» **EXERCISE PROMPT**:
Note each line of the listing that contains the string "Fire", and copy it.

----

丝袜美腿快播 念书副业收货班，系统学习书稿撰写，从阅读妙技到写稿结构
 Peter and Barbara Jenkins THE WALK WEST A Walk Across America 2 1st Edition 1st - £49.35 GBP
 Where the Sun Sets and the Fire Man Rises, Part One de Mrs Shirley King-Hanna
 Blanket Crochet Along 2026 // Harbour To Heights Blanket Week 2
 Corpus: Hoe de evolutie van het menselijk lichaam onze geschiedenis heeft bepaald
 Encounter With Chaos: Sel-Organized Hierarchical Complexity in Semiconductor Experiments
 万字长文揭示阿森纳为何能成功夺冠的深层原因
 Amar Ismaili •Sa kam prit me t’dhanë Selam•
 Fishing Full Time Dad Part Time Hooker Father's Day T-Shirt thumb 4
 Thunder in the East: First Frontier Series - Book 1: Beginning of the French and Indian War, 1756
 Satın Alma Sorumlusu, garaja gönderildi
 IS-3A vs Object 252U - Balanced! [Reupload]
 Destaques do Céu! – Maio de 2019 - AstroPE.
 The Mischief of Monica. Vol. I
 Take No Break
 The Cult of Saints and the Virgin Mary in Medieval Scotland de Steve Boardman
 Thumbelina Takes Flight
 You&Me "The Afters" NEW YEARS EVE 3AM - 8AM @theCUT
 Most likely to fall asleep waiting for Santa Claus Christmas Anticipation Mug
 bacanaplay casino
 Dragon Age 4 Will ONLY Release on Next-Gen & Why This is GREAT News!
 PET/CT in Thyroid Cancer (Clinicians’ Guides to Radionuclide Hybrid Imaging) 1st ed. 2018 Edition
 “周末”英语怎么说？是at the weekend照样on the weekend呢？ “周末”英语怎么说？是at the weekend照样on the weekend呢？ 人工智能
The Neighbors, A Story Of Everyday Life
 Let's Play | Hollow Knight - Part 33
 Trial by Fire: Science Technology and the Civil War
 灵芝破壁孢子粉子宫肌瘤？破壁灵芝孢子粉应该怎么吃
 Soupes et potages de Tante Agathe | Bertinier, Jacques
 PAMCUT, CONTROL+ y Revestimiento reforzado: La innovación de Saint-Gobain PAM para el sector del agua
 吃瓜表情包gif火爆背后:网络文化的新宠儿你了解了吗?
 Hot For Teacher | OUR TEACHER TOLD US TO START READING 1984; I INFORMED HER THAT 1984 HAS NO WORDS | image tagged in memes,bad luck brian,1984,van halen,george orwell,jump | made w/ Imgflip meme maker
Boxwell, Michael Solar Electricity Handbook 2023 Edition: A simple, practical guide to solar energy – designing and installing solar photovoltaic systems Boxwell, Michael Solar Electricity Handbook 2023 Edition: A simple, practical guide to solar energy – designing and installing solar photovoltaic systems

----

» **TASK RESULT**:
 Where the Sun Sets and the Fire Man Rises, Part One de Mrs Shirley King-Hanna
 Trial by Fire: Science Technology and the Civil War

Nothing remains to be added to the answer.